- _Your goal_
Of the lines listed below, return exactly those that run from the line containing "Soporte Base Monitores" through the line containing "Toyota GR 86", both included.

[Opening Available records section]

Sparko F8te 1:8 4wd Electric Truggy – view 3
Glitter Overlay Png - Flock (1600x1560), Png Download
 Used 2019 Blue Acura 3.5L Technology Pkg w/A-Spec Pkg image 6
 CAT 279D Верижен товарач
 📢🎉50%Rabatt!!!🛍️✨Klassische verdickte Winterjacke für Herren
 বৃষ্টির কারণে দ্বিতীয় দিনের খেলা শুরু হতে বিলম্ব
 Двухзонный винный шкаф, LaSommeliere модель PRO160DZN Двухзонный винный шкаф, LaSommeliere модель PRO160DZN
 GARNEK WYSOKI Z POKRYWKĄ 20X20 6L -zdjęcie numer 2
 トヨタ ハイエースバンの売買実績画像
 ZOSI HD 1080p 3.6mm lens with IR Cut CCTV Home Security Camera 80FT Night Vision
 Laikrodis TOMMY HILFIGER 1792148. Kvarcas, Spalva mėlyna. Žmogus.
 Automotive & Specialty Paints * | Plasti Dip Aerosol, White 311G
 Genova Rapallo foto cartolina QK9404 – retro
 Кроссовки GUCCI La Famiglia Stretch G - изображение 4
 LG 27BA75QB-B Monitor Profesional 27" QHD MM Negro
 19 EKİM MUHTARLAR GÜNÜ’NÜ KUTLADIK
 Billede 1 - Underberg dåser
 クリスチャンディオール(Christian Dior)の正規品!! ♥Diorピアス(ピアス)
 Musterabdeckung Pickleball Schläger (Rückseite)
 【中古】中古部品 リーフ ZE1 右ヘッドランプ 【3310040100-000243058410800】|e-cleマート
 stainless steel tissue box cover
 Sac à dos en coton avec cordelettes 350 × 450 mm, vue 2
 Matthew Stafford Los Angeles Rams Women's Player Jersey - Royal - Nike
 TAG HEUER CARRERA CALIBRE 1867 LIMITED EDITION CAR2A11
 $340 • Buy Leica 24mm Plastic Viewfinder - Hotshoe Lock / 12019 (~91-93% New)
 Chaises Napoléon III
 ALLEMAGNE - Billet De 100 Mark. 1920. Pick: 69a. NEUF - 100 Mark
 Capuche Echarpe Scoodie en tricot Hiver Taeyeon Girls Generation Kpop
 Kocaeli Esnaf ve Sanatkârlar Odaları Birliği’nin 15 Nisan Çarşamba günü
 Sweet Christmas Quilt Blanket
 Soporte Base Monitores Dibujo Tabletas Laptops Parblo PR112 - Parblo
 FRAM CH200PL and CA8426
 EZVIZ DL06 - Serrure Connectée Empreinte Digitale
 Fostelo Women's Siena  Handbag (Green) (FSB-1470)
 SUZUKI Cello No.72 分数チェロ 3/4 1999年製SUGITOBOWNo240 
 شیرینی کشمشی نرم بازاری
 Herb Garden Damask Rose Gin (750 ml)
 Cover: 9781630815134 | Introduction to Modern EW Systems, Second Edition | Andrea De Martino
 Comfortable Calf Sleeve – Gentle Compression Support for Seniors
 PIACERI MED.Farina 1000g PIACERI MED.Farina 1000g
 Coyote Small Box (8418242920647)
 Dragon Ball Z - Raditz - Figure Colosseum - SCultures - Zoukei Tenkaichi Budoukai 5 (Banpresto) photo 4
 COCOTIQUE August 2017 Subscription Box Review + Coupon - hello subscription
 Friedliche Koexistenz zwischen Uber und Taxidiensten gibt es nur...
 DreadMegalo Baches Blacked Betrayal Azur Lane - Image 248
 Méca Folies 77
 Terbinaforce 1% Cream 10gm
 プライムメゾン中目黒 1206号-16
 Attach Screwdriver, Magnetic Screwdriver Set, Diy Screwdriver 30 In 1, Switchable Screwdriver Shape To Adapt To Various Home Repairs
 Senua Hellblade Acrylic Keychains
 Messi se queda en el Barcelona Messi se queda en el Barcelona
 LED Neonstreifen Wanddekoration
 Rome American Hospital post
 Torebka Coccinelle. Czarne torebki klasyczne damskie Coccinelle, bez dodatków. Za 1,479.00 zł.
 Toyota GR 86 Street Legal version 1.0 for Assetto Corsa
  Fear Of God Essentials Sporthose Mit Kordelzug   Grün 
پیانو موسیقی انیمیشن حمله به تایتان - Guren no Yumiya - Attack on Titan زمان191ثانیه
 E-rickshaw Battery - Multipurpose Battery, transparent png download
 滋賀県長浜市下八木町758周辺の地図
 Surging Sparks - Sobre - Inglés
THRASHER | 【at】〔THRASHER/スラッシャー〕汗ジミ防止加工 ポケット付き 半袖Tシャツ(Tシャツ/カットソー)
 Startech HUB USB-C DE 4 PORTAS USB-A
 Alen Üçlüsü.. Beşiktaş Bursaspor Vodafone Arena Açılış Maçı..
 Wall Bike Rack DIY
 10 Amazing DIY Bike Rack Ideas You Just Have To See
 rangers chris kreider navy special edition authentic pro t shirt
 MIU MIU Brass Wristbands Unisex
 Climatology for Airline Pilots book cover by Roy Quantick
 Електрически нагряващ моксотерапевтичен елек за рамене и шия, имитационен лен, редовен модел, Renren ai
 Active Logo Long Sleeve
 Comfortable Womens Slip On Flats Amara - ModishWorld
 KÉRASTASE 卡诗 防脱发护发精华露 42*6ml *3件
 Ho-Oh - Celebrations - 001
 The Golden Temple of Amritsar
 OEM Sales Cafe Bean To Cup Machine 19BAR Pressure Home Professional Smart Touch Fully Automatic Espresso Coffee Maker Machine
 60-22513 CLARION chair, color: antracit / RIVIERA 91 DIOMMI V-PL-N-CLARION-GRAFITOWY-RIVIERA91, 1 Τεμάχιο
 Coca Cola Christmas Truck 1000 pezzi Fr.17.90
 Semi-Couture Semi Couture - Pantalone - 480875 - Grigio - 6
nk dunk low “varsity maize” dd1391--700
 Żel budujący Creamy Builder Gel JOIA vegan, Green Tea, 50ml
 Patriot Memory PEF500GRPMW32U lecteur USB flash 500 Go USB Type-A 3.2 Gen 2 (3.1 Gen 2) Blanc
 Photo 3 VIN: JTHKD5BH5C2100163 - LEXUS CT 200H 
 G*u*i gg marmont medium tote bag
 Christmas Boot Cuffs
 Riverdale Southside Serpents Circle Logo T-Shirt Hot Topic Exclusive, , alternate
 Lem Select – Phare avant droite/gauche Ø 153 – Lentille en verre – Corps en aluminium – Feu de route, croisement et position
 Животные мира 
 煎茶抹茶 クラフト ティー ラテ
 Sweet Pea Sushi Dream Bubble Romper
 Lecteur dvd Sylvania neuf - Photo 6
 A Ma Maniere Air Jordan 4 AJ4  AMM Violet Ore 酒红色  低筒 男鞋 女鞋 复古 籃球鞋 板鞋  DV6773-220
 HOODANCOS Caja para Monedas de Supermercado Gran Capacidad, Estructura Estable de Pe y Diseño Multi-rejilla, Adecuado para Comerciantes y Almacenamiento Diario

[Closing Available records section]

- _Response_
 Soporte Base Monitores Dibujo Tabletas Laptops Parblo PR112 - Parblo
 FRAM CH200PL and CA8426
 EZVIZ DL06 - Serrure Connectée Empreinte Digitale
 Fostelo Women's Siena  Handbag (Green) (FSB-1470)
 SUZUKI Cello No.72 分数チェロ 3/4 1999年製SUGITOBOWNo240 
 شیرینی کشمشی نرم بازاری
 Herb Garden Damask Rose Gin (750 ml)
 Cover: 9781630815134 | Introduction to Modern EW Systems, Second Edition | Andrea De Martino
 Comfortable Calf Sleeve – Gentle Compression Support for Seniors
 PIACERI MED.Farina 1000g PIACERI MED.Farina 1000g
 Coyote Small Box (8418242920647)
 Dragon Ball Z - Raditz - Figure Colosseum - SCultures - Zoukei Tenkaichi Budoukai 5 (Banpresto) photo 4
 COCOTIQUE August 2017 Subscription Box Review + Coupon - hello subscription
 Friedliche Koexistenz zwischen Uber und Taxidiensten gibt es nur...
 DreadMegalo Baches Blacked Betrayal Azur Lane - Image 248
 Méca Folies 77
 Terbinaforce 1% Cream 10gm
 プライムメゾン中目黒 1206号-16
 Attach Screwdriver, Magnetic Screwdriver Set, Diy Screwdriver 30 In 1, Switchable Screwdriver Shape To Adapt To Various Home Repairs
 Senua Hellblade Acrylic Keychains
 Messi se queda en el Barcelona Messi se queda en el Barcelona
 LED Neonstreifen Wanddekoration
 Rome American Hospital post
 Torebka Coccinelle. Czarne torebki klasyczne damskie Coccinelle, bez dodatków. Za 1,479.00 zł.
 Toyota GR 86 Street Legal version 1.0 for Assetto Corsa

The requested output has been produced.